Now is the  time to start working on security. I find it really embarrassing that we have almost no experience of security in VoIP. The protocol has been around for ten years or more and we’re still confused. The hardware vendors claim that the CPUs can’t handle it. Or the DSP’s. Or something else. As we move towards more video we need more CPU power to encrypt. On the other side we have users that doesn’t require any security. They run stuff over the enterprise networks, over home networks and the Internet without bothering with who can listen in, access the log files or access their accounts.

The dark side

This last year, the number of attacks on SIP servers has grown in numbers. I hear not only rumours, but see attacks in progress. I have met a number of people who have lost huge amounts of money on International calls to foreign countries, placed by unknown hackers that figured out that their account (typically “300″) had a very complicated password (typically “300″). The next thing that we’re going to see during summer leave or xmas is someone showing a journalist how easy it is to see that the boss calls the union several times a day, propably to negotiate layoffs. Or calling competition, maybe to sell the company.

Let’s agree on one thing: ALL networks are insecure

I think it’s time to stop ignoring security. I think we have to agree that it makes our architecture much more easy if we assume that ALL networks are insecure. We can not judge, our users surely can not determine if a network is secure or not. They have to be able to connect to any open WiFi network and use the services we produce. Without thinking about anything else than reaching their office, customer, family or the kid back home. Every communication needs to be secure. Period.

If we start there, we’re on the right track. Now we need to work together and figure out where to go. How do we exchange encryption keys? How do we handle identities? Where do we start. Let’s not make the mistake of trying to hook on to a global PKI that doesn’t scale (and has proven not to be secure) like the one used by the web. PGP is interesting, but only scale on a nerd level. It’s too complicated the way we use it today. I would not even try to explain it and make my mother use it. We need to work on this.

Distributed webs of trust

Maybe it’s Facebook, Google+ or LinkedIn that will be the trust platform. Or a combination of them using systems like OpenID, oAuth and SAML 2.0 in various combinations. We need something simple, scalable and secure. That’s not easy to fulfill. Especially in a world filled with engineers with a lot of opinions, experiences and ideas. It’s our responsibility to start working on this. The IETF and other parties are already working hard on other components of Voice 3.0.Let’s get our act together on the security part of the vision for Voice 3.0 too. We need to, step by step, build a trustworthy platform for realtime communication for everyone.

A friend of mine, Jacob Schlyter, has not only been busy working on DNSsec around the globe. He has also been co-writing a new draft in the IETF DANE working group. He blogs on kirei.se:

The working group’s first draft describes how to use DNSSEC to associate certificates with domain names For TLS. In this context, a certificate association is a secure binding between a DNS name, TLS/DTLS transport protocol (i.e., TCP, UDP or SCTP) and port number, to an end entity’s certificate or to a certification authority’s certificate.
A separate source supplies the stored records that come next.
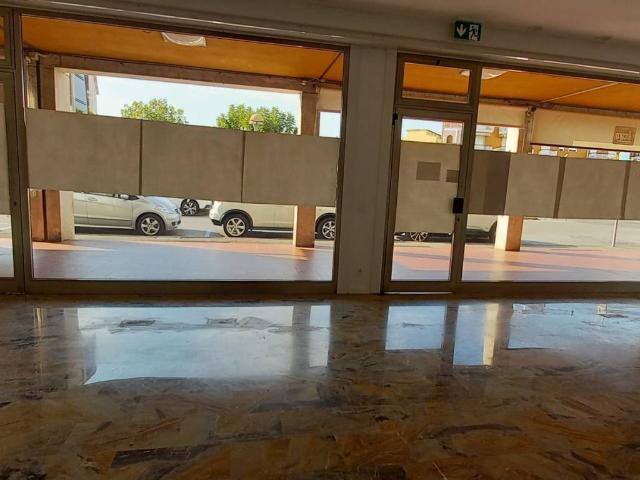 Locale Commerciale in affitto a Abano Terme Bagni, Veneto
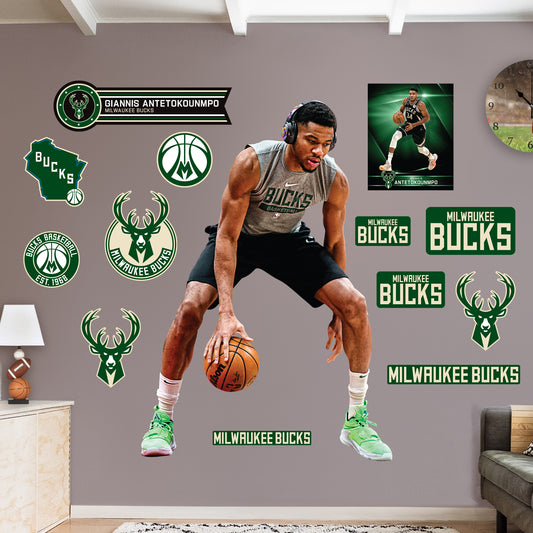 Milwaukee Bucks: Giannis Antetokounmpo Warmups - Officially Licensed NBA Removable Adhesive Decal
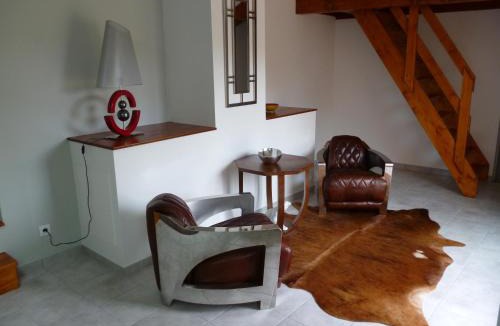Saint-Ours House | Le Gîte de L'Ours DARK LAB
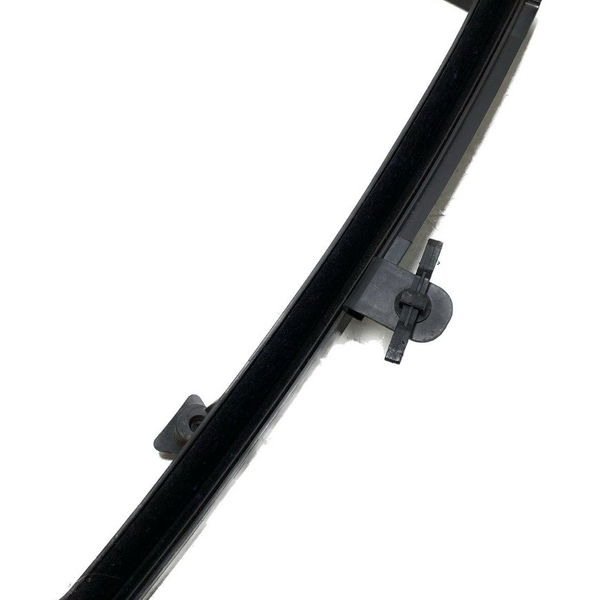 Guia Canaleta Vidro Dianteiro Direito Ford Ecosport Cx362 Preto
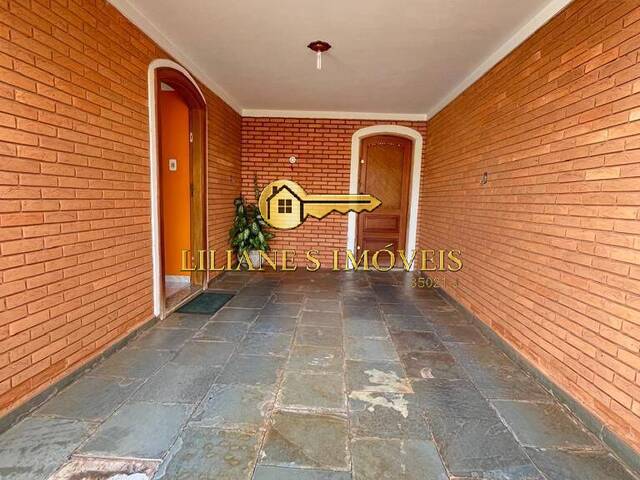 Casa para Venda em Araraquara - 2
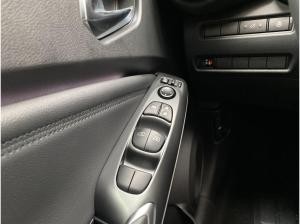 Nissan Juke N-Connecta 1.6 L Hybrid 4AMT Automatik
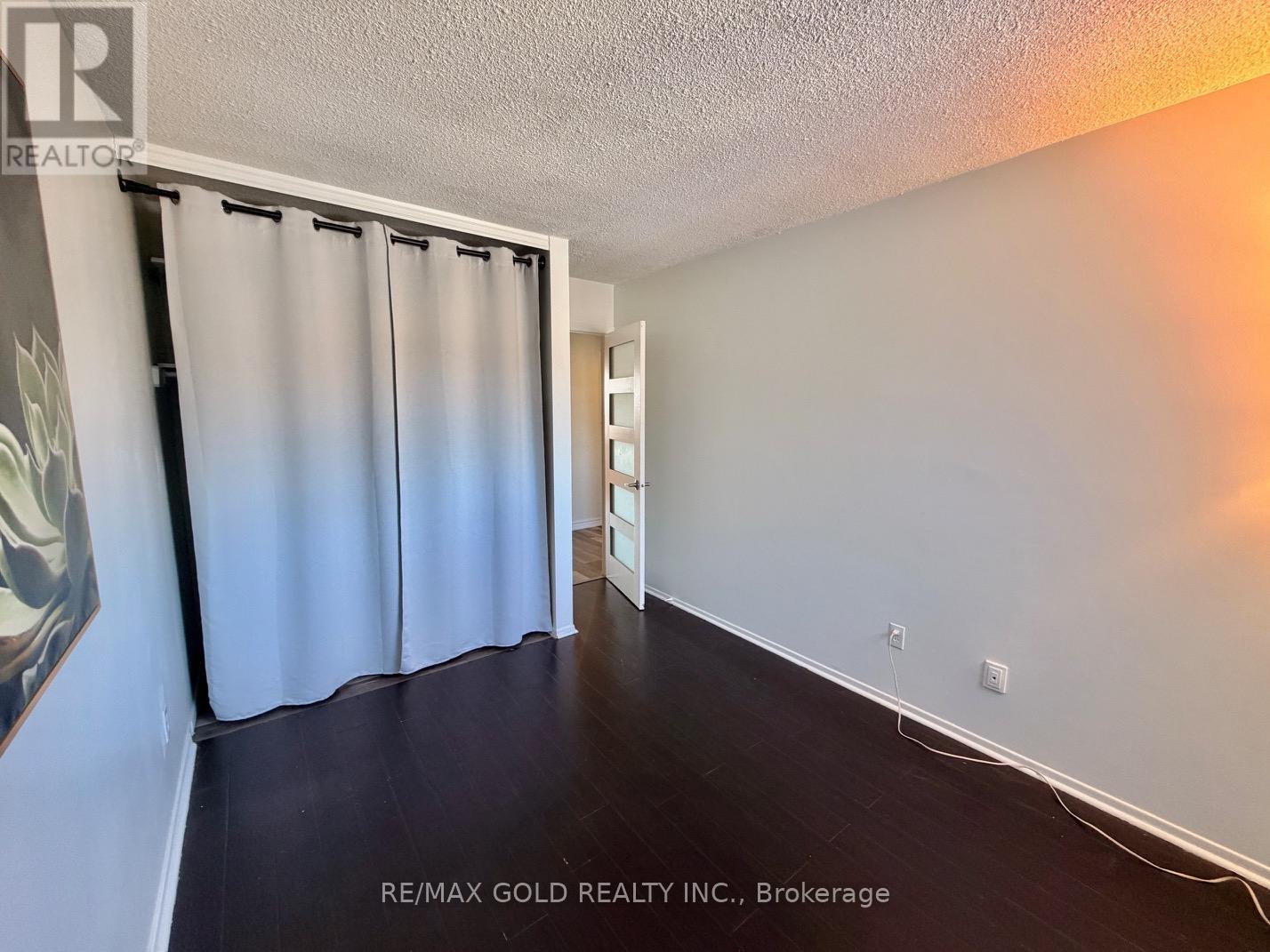 26 - 7707 Darcel Avenue, Mississauga, Ontario  L4T 3W9 - Photo 25 - W12759888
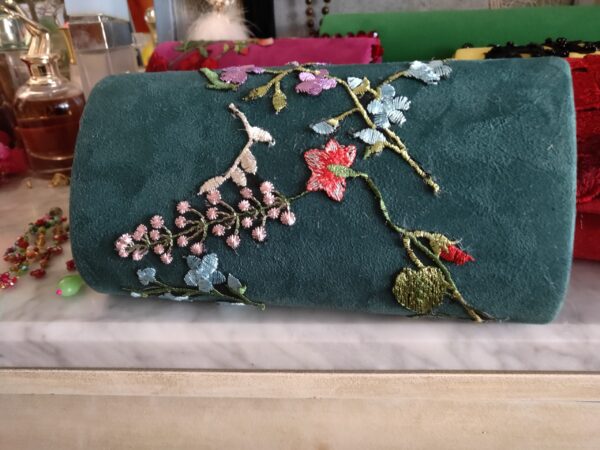 Bolso de boda verde bordado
This proposal builds a distributed PKI based on DNS.  If you want to call me in the voip-forum.com domain, you will be able to get my certificate chain from DNS and set up a secure and trusted session. The current PKI model used in the web delivers encryption – but few bothers with checking identity of the other end, check if the certificate chain is trusted or even if a certificate is revoked.

In SIP, we can do better and really kick off DANE. I will work on this and write more as I make progress in trying to understand the details.

For many years I have believed that DNSsec is a platform that will change the trust model on the net. Now, the light is on the ICANN, IANA and the TLD registries. Will they earn our trust?  Will they be better than the current set of web CAs that someone else approved for all of us? If not, we will have to start building a distributed trustworthy root soon. The technology is getting there, so the focus needs to move to the people and organizations that will be the new platform. These are interesting times. Let’s start discussing SIPdane and get a few implementations running soon!